Given records:
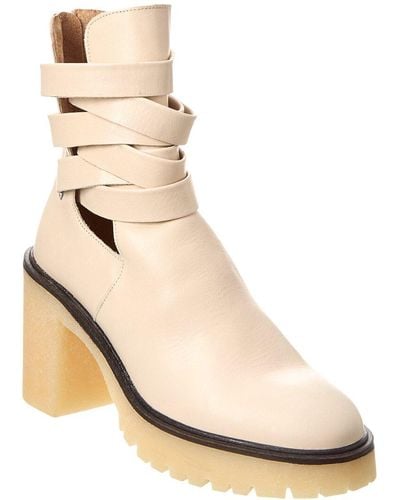 Free People Jesse Cutout Leather Boot - Natural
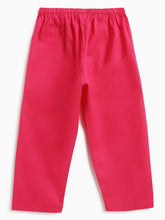 Load image into Gallery viewer, Campana Girls Nihira Kurti with Pants Set - Small Flower Print - Lime Green &amp; Magenta
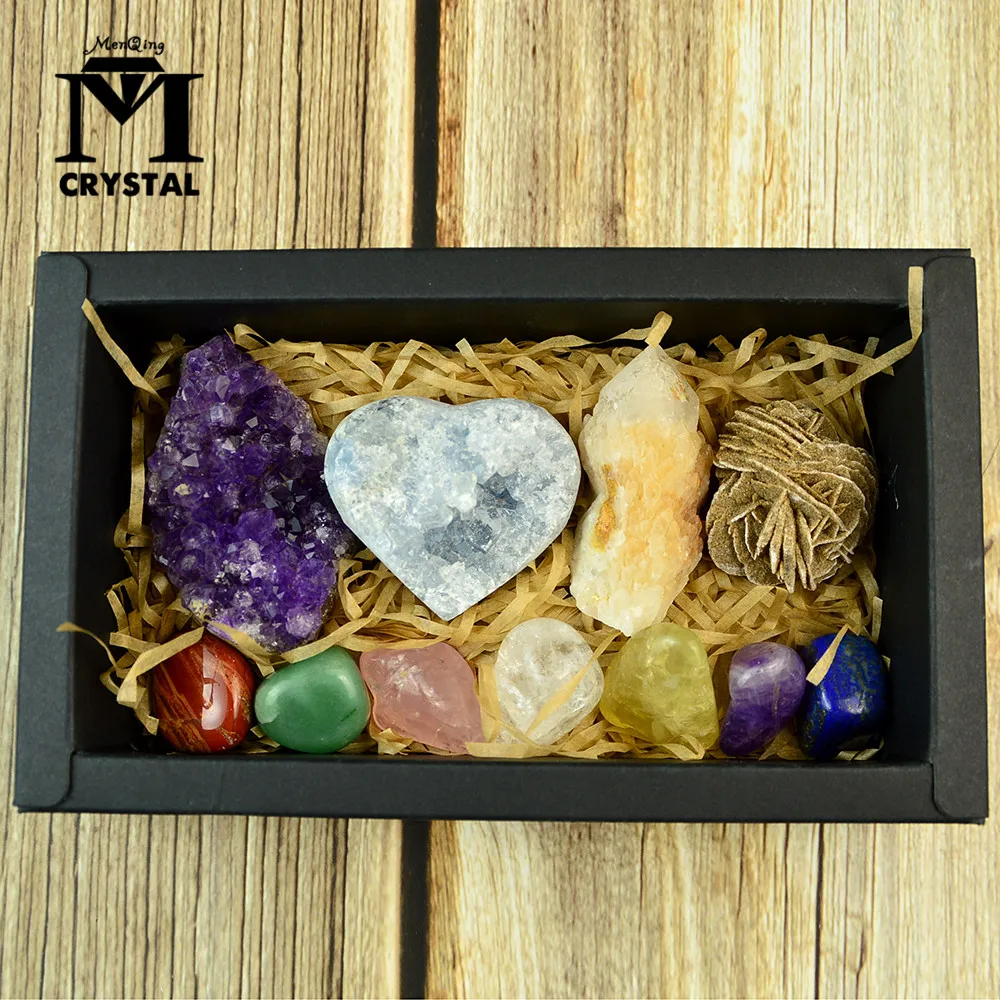 

Natural Amethyst Cluster Stone Quartz Crystal Mineral Specimen Healing Gemstons Seven Chakelas Gem Gift Box Home Decoration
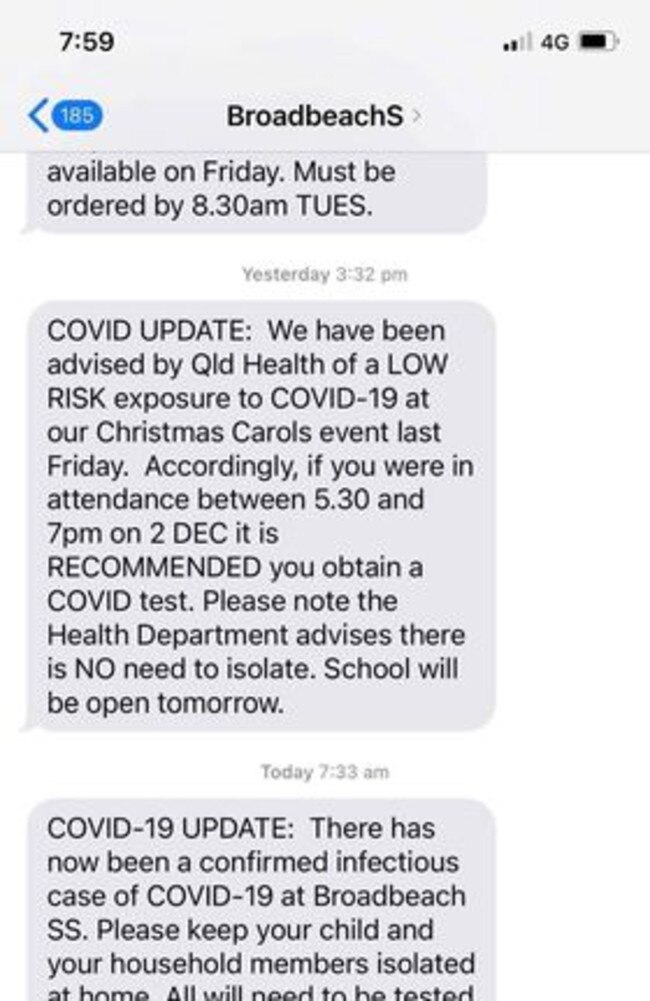 A text sent to parents at Broadbeach State School saying a Covid case had visited the school.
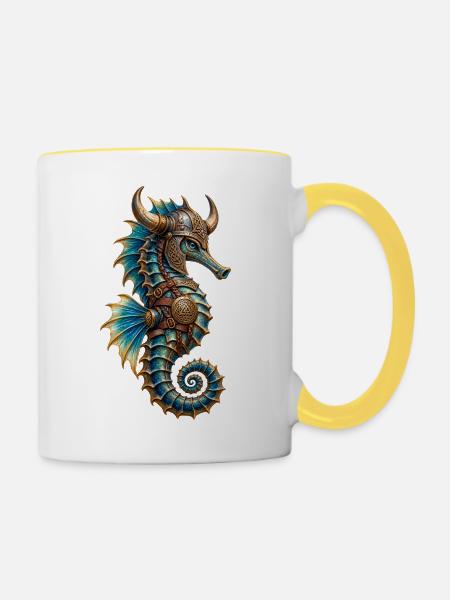 Wikinger-Seepferdchen - Tasse zweifarbig - Weiß/Gelb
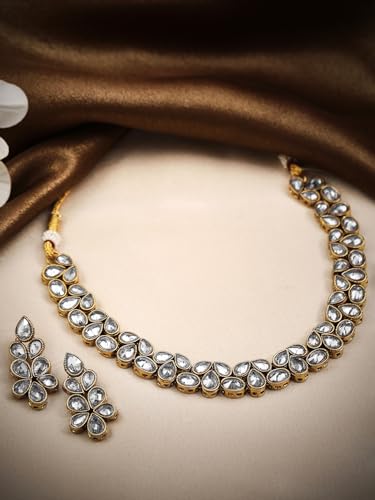 Rubans Gold-Plated Handcrafted Kundan Jewellery Set For Women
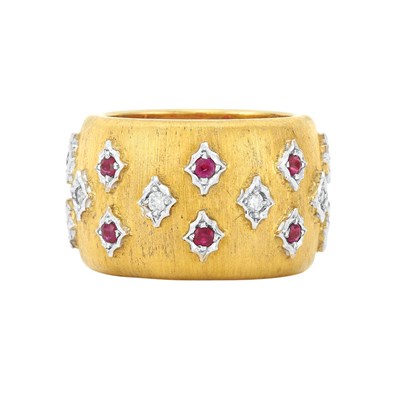 Lot 828 - Wide Two-Color Gold, Diamond and Ruby Band Ring, Mario Buccellati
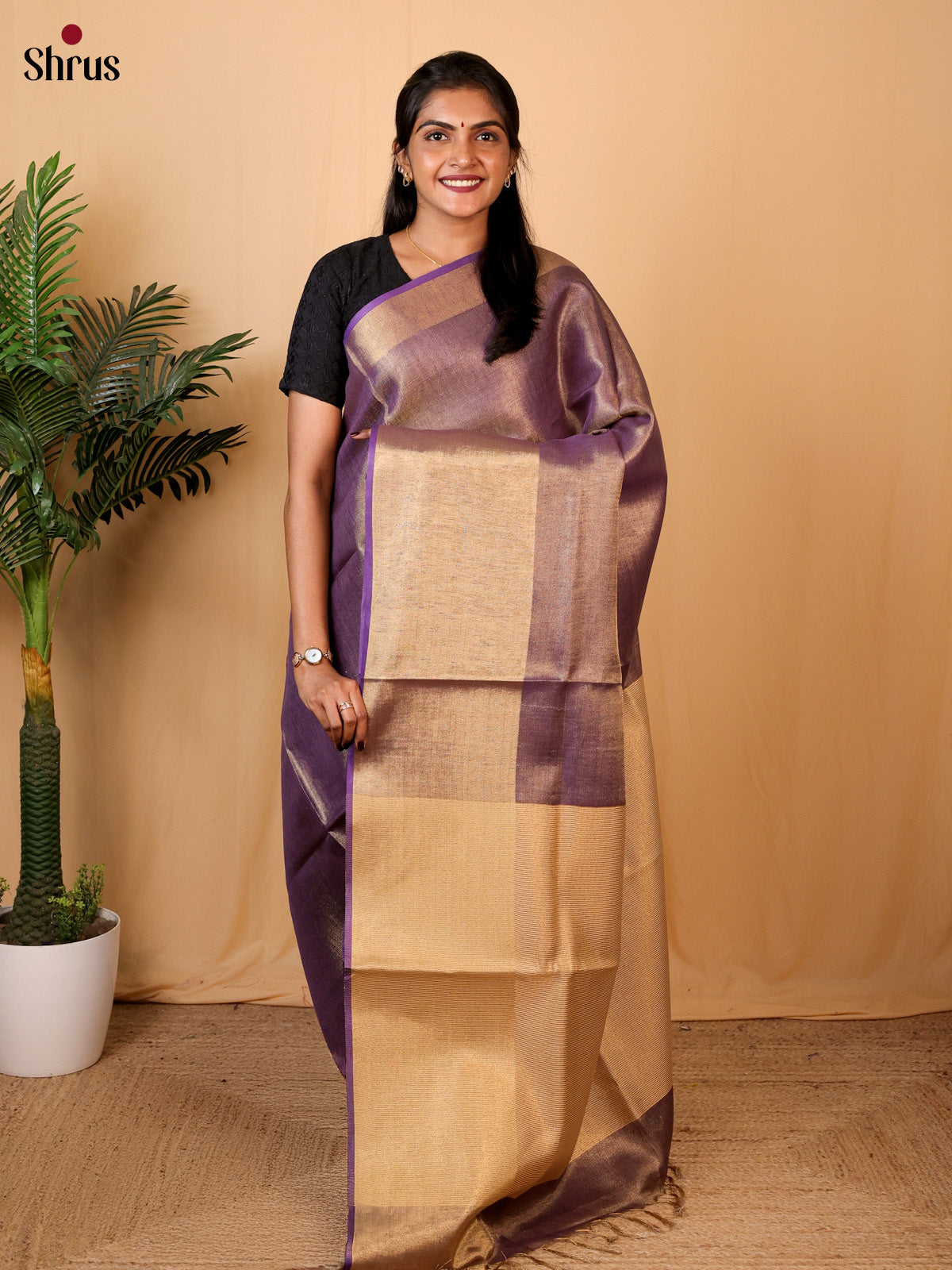 Violet - Linen Saree - Shop on Shrus.com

What this task involves:
Each line above should be written out again unchanged; no images are to be carried over.

The answer:
 Free People Jesse Cutout Leather Boot - Natural
 Load image into Gallery viewer, Campana Girls Nihira Kurti with Pants Set - Small Flower Print - Lime Green &amp; Magenta

Natural Amethyst Cluster Stone Quartz Crystal Mineral Specimen Healing Gemstons Seven Chakelas Gem Gift Box Home Decoration
 A text sent to parents at Broadbeach State School saying a Covid case had visited the school.
 Wikinger-Seepferdchen - Tasse zweifarbig - Weiß/Gelb
 Rubans Gold-Plated Handcrafted Kundan Jewellery Set For Women
 Lot 828 - Wide Two-Color Gold, Diamond and Ruby Band Ring, Mario Buccellati
 Violet - Linen Saree - Shop on Shrus.com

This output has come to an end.